» TASK DETAILS: All entries given below are to be returned word for word.

» MATERIAL FOR THIS TASK:
********
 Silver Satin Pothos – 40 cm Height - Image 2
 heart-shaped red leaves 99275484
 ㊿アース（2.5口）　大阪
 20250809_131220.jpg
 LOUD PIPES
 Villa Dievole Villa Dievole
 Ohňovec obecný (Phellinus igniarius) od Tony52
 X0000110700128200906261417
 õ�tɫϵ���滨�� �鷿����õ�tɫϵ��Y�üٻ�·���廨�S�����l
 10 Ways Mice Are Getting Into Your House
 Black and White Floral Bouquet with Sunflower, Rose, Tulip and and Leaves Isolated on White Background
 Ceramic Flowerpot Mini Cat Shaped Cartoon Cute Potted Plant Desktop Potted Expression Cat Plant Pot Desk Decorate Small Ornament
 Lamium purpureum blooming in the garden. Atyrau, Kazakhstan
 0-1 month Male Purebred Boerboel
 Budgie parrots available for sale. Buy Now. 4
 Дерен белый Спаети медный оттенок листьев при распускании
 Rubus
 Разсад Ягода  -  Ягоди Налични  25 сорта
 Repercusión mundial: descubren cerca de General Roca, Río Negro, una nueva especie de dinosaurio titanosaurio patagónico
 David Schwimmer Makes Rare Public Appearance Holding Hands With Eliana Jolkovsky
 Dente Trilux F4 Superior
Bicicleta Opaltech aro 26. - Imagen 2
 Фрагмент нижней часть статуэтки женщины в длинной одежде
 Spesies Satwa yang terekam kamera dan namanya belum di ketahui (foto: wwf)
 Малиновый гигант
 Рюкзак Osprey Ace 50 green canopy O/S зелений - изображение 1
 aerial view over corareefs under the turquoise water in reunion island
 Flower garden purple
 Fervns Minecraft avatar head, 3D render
********
» FINISHED TASK:
 Silver Satin Pothos – 40 cm Height - Image 2
 heart-shaped red leaves 99275484
 ㊿アース（2.5口）　大阪
 20250809_131220.jpg
 LOUD PIPES
 Villa Dievole Villa Dievole
 Ohňovec obecný (Phellinus igniarius) od Tony52
 X0000110700128200906261417
 õ�tɫϵ���滨�� �鷿����õ�tɫϵ��Y�üٻ�·���廨�S�����l
 10 Ways Mice Are Getting Into Your House
 Black and White Floral Bouquet with Sunflower, Rose, Tulip and and Leaves Isolated on White Background
 Ceramic Flowerpot Mini Cat Shaped Cartoon Cute Potted Plant Desktop Potted Expression Cat Plant Pot Desk Decorate Small Ornament
 Lamium purpureum blooming in the garden. Atyrau, Kazakhstan
 0-1 month Male Purebred Boerboel
 Budgie parrots available for sale. Buy Now. 4
 Дерен белый Спаети медный оттенок листьев при распускании
 Rubus
 Разсад Ягода  -  Ягоди Налични  25 сорта
 Repercusión mundial: descubren cerca de General Roca, Río Negro, una nueva especie de dinosaurio titanosaurio patagónico
 David Schwimmer Makes Rare Public Appearance Holding Hands With Eliana Jolkovsky
 Dente Trilux F4 Superior
Bicicleta Opaltech aro 26. - Imagen 2
 Фрагмент нижней часть статуэтки женщины в длинной одежде
 Spesies Satwa yang terekam kamera dan namanya belum di ketahui (foto: wwf)
 Малиновый гигант
 Рюкзак Osprey Ace 50 green canopy O/S зелений - изображение 1
 aerial view over corareefs under the turquoise water in reunion island
 Flower garden purple
 Fervns Minecraft avatar head, 3D render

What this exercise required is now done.